6.     Psychology. Beauty as a passe-partout for society: the individual and its relationship with the body, with its own image amidst convention and aesthetic stereotypes. Healthcare as “absolute beauty.” Pathology and addictions caused by the image: psychology, psychotherapy and neuroscience in comparison.

7.  Political Philosophy & Anthropology.  Ontological and epistemological pluralism. The beauty of glocal particularism. Globalization as the destruction of beauty? Democracy as a form of ethical beauty. Beyond anthropocentrism: beauty without the human.

8. Pedagogies. Good citizenship: being beautiful, being good. The institutional task of training new generations and the expansion of curricula to meet the needs of contemporary society: humanities, ethics, ecology, civic and political education.

9.     Ecology & economy. The law of the strongest: beautiful and rich, ugly and poor. The purchasing power of the human and the beauty of individual affirmation. Ethics and economics: social equality? Ecology versus economics: consumerism, self-centeredness and ethical fictions in international marketing.

10.  Architecture & Design. Architectural and urban beauty, between global mainstream and aesthetics of sharing. “Eutopias” and the politics of beauty. Design: aestheticization of commodities and formal obsolescence. The “sex appeal of the inorganic”: between fashion and consumption. Diverging aesthetics: kitsch and camp between architecture and design.

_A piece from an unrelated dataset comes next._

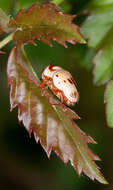 Image of Cryptocephalus mutabilis F. E. Melsheimer 1847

11.  Cinema & the Visual Arts. The concept of beauty in cinematic and artistic works. The relation between cinema, art and philosophy. The ethical capacity of beauty in the subjective visions of directors and screenwriters acclaimed by critics around the world. We are also interested in the problems of thinking about beauty in relation to moving image media, which are difficult to disentangle from more traditional art forms like painting, sculpture and dance, to name a few. Likewise, the philosophy of film increasingly addresses the image in general terms. Attempts are made, more than ever, to define, in ontological terms, classes and types of images. What, then, does it mean to regard beauty in general terms, as something that requires criteria for identification and appreciation?

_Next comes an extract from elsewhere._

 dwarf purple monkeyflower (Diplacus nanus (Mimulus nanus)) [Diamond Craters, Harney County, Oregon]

12.  Technology, Digital Information & Social Media. Beauty and the useful: new formats and forms. Artificial intelligences, beauty beyond the human. Feeling beauty. Natural and artificial beauty. Division and closeness, social media as the setting of a post-human beauty.

13.  Non-Conventional Philosophy. An informative engagement aimed at scholars, poets, writers, scientists, and others willing to involve the public in an open and no-filter discussion to be carried out in places both conventional and not.

14.  Street-Philosophy. Are you a philosopher accustomed to talking about the Mother of All Sciences as Socrates did - in the square, on the street? Send us an abstract.


Languages: Italian, English

Please send proposals (maximum 1,000 words) and a brief biographical statement

(in the same file) to [email protected] 

[email protected] 

and to [email protected].

The biographical statement (maximum 10 lines) must be included in the body of the e-mail, in the document of the proposal, or in a separated document. Please send all documents in .doc or .dot format. Please do not send files in .pdf format.

Every speaker will have 30 minutes (including 10 minutes for discussion). Presentations can be held in Italian or in English. It is also possible to propose a full panel: every panel will feature 3 or 4 presentations on a common theme. Every panel must also feature a leader, whose duty is to introduce and guide the discussion. For a panel proposal, please send the abstracts of each individual presentation as well as a brief introduction to the panel (maximum 200 words).

A registration fee will be required. Participants in the Festival will also have access to special rates and recommendations for guest accommodations during the whole week of the event.


Please note that all conference sessions will take place in Ischia, from September the 22nd to the 25th.